First, whatever it is we discover that has this red phenomenal property,
the theory predicts, will reliably always produce the same sensation no
matter what mind it is in, no matter where in the visual field it is, no
matter when...
This will get us close enough to be sure for all practical purposes, but
there still could be some possible doubt in there some where. But
eventually, our mind merging technology will become so complete and
expansive that our spirits will be able share phenomenal mind spaces
(spirit worlds, if you will). Multiple spirits (as defined in the
representational camp) will be able to experience the same sensations in
the same unified spiritual phenomenal space - just as the corpus colusum
now unifies the two separate spirit worlds (one representing the left
field of vision, the other the right) in one brain. You know with
absolute surety that red in the left hemisphere is the same as the red
in the right.
This is all described much more completely in a fictional short story.
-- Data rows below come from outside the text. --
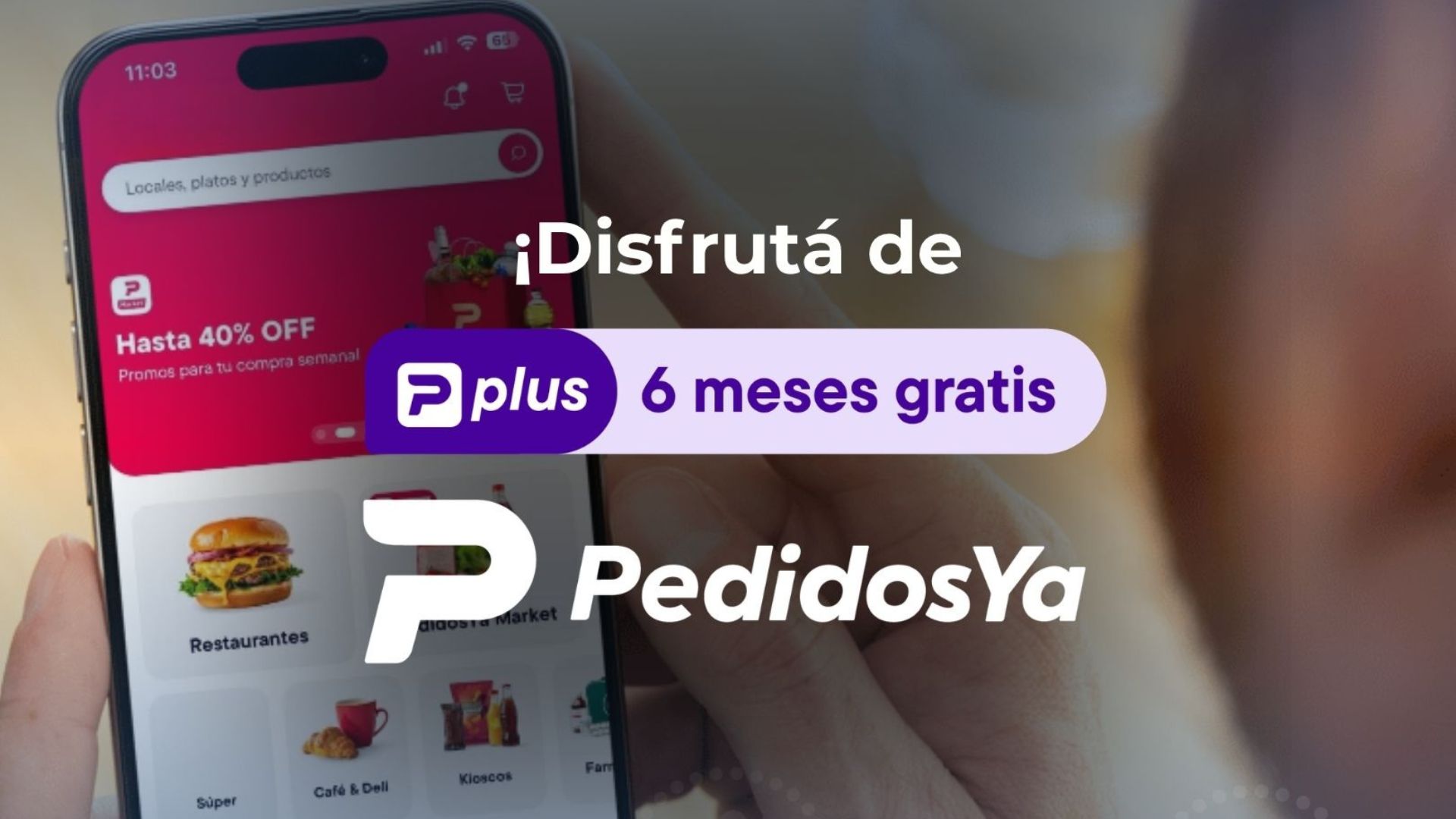 PedidosYa Plus: bomberos y directivos pueden acceder a 6 meses gratis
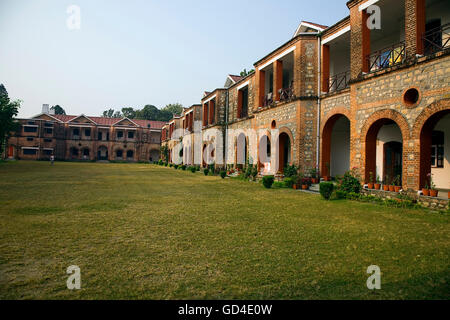 Hyderabad House di Doon School Foto Stock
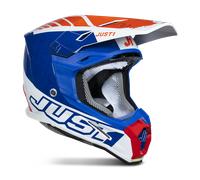 Casco de Cross Just1 J22 F Dynamo Rojo/Blanco/AzulS Rojo,Blanco,Azul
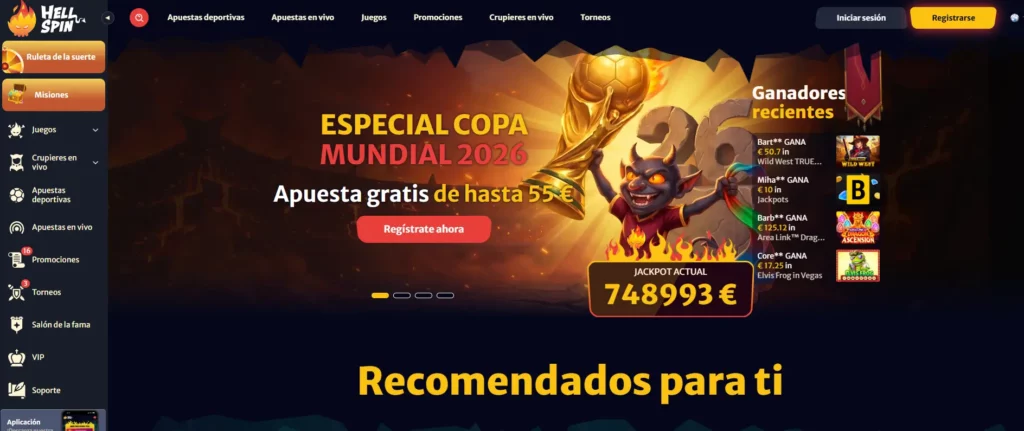 Hellspin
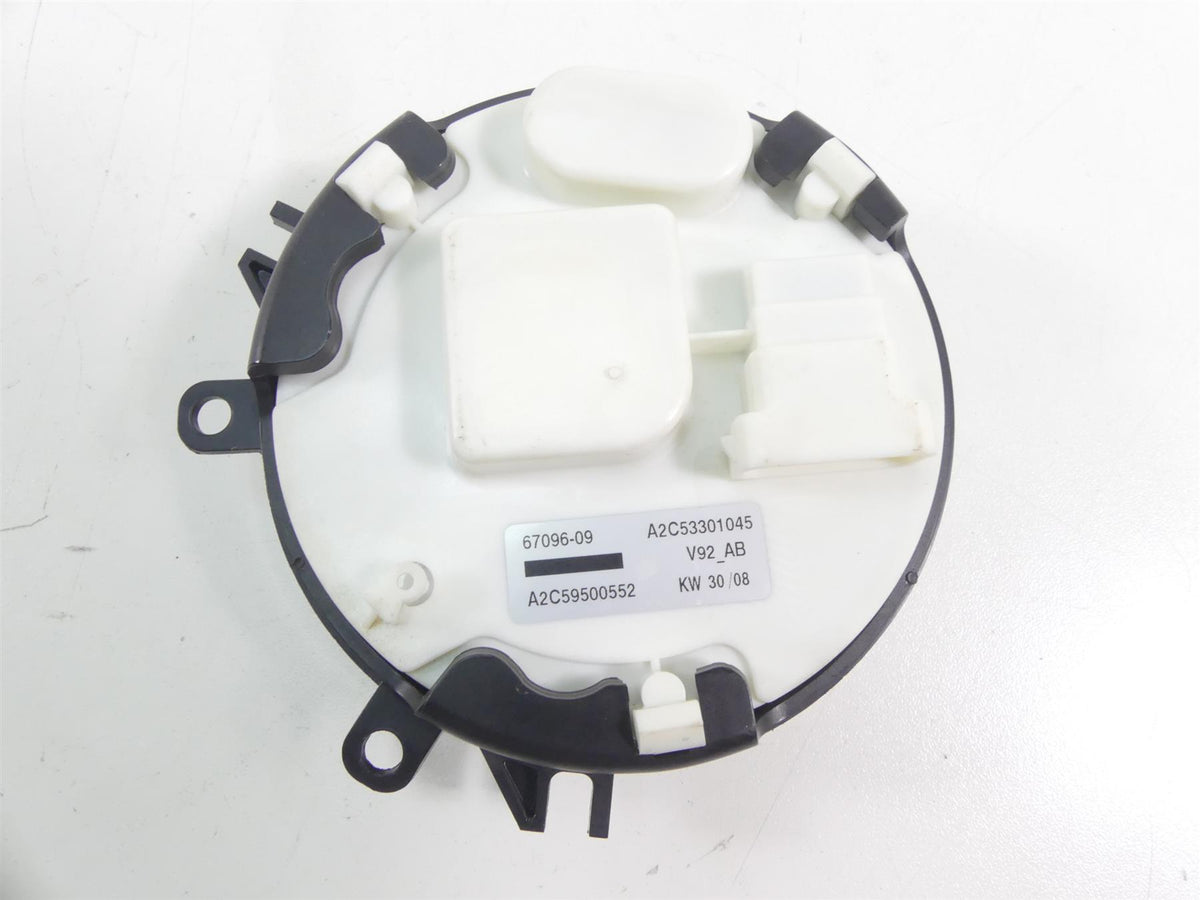 2009 Harley FXDF Dyna Fat Bob Speedometer Gauge Instrument - 21K 67096-09 {{ shop.shopifyCountryName }} - Mototech271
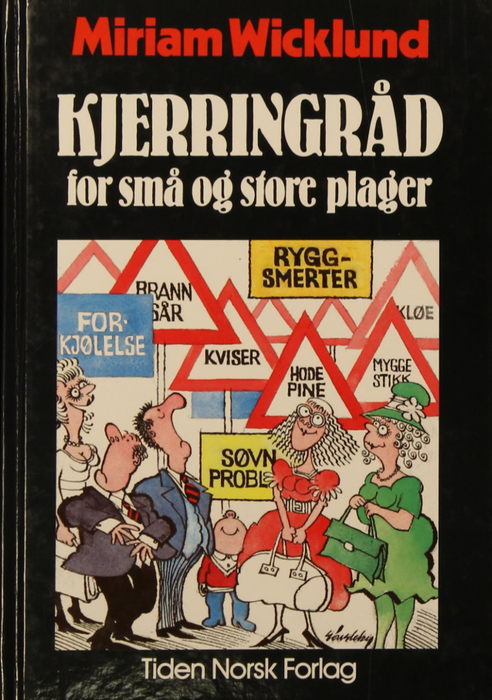 Kjerringråd for små og store plager (Innbundet) - Bokia.no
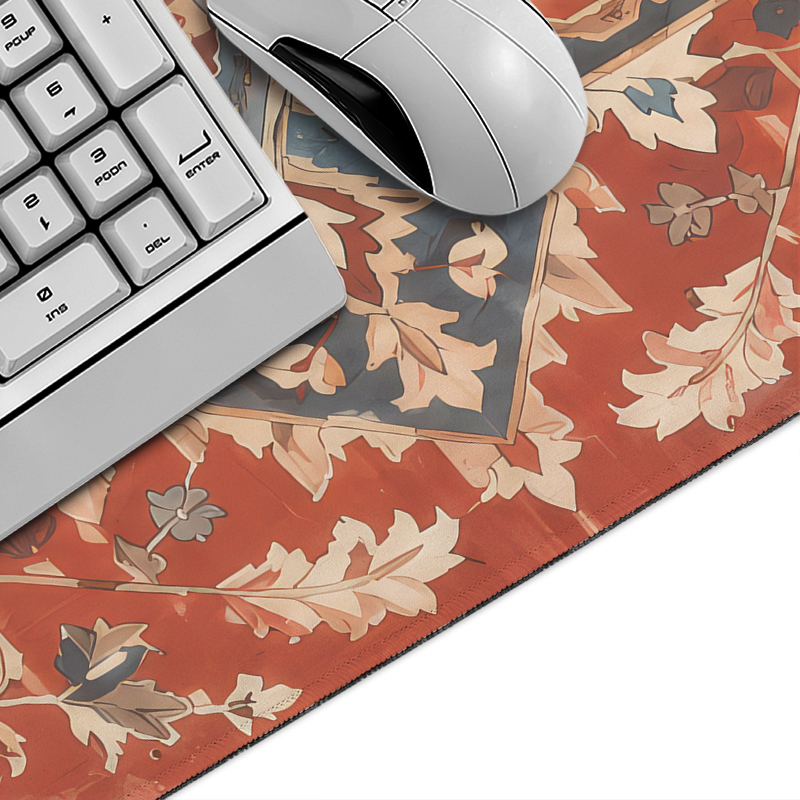 Mouse Pad Orange Vintage Persi - Keyboard Mouse Bundle Gaming 评论和价格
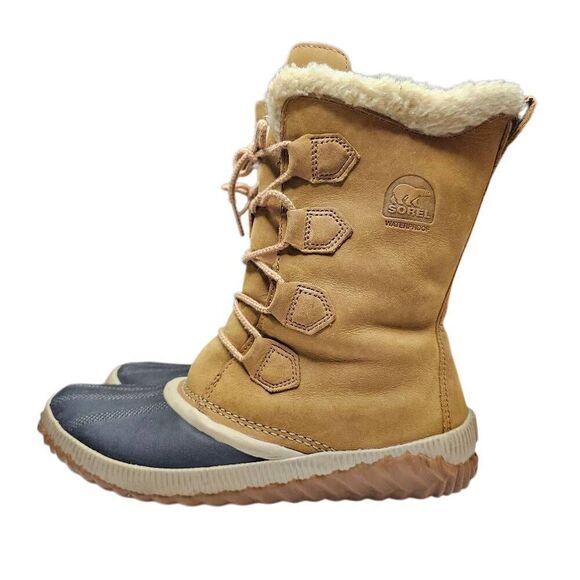 Sorrel Out 'N About Plus Waterproof Women's Boots Size 9 - Picture 5 of 10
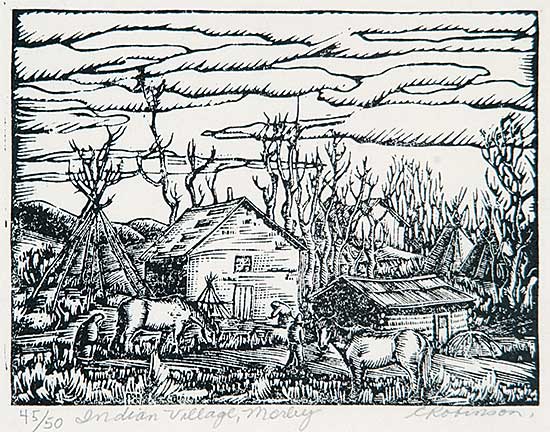 #778 ~ Robinson - Indian Village, Morley  #45/50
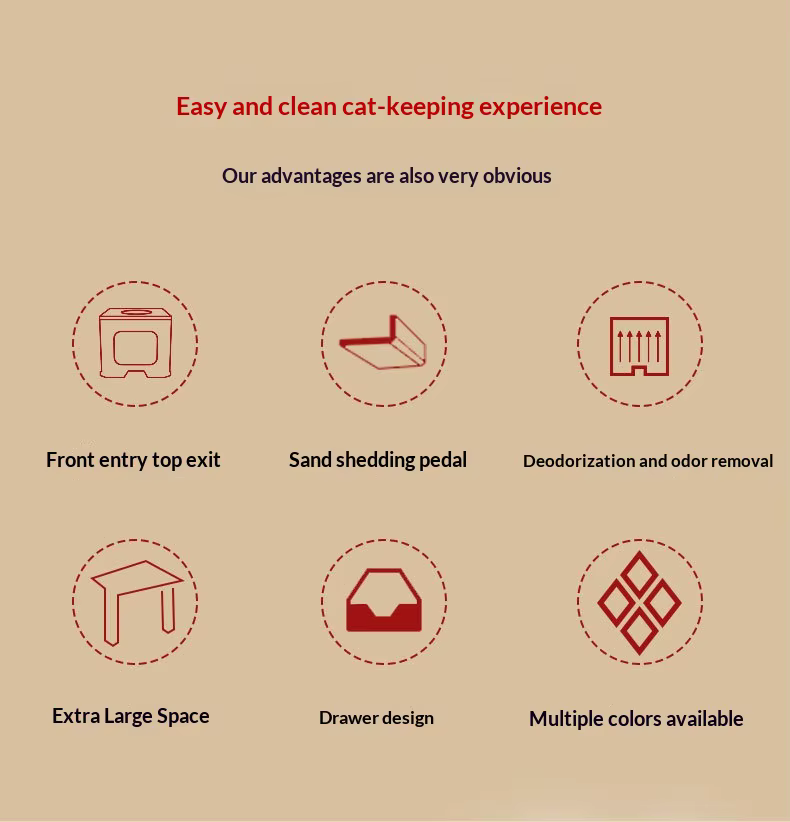 Diseño plegable para ahorrar espacio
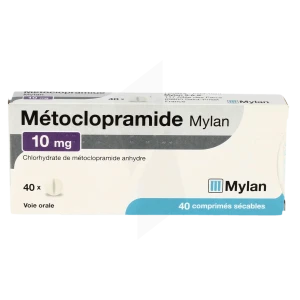 Metoclopramide Viatris 10 Mg, Comprimé Sécable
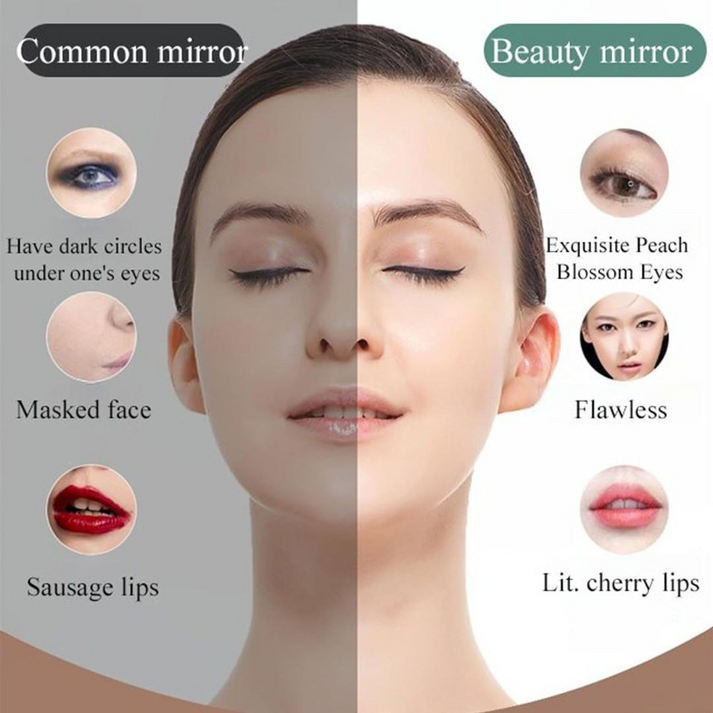 Vanity Box with LED Mirror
It basically describes from a first person perspective what this theory
predicts uploading, and escaping from the mortal spiritual walls that
are our skull, could possibly be like. There is a reference to how to
get to this free short story at the end of the representational camp here:
http://canonizer.com/topic.asp/23/7
I'd love to here what all of you think about it. Is that what you think
uploading could be like? Or do you think it will be different? If so,
how and why? What would you want it to be like given what various
theories predict could be possible?... And if you think this would
absolutely completely remove all normal fears anyone could have about
being 'uploaded', we'd love to have you in this camp here:
http://canonizer.com/topic.asp/48/3
Thanks,
Brent Allsop
Brent Allsop wrote:
>
> gts:
>
> The representationalist knows any representation is possible in the
> world of the mind. But of course, evolution is motivated to be as
> accurate as possible. This is obviosly why the deception - that our
> knowledge is reality itself - is so compelling. But obviously, as in
> cases such as this resulting sine wave, an any other inaccurate
> 'seeming', it has a few quirks in the phenomenal representations it
> produces from it's detected inputs.
>
> Brent
>
> gts wrote:
>> The question about music goes to the question of 'real' quaila vs
>> 'hallucinatory' quaila, a fundamental problem in the debate about
>> qualia.
>>
>> If we expose both ears to fixed frequencies, but one to a frequency a
>> half-note or so over the other, the brain will somehow hear a sine
>> wave. Where does that sine wave come from?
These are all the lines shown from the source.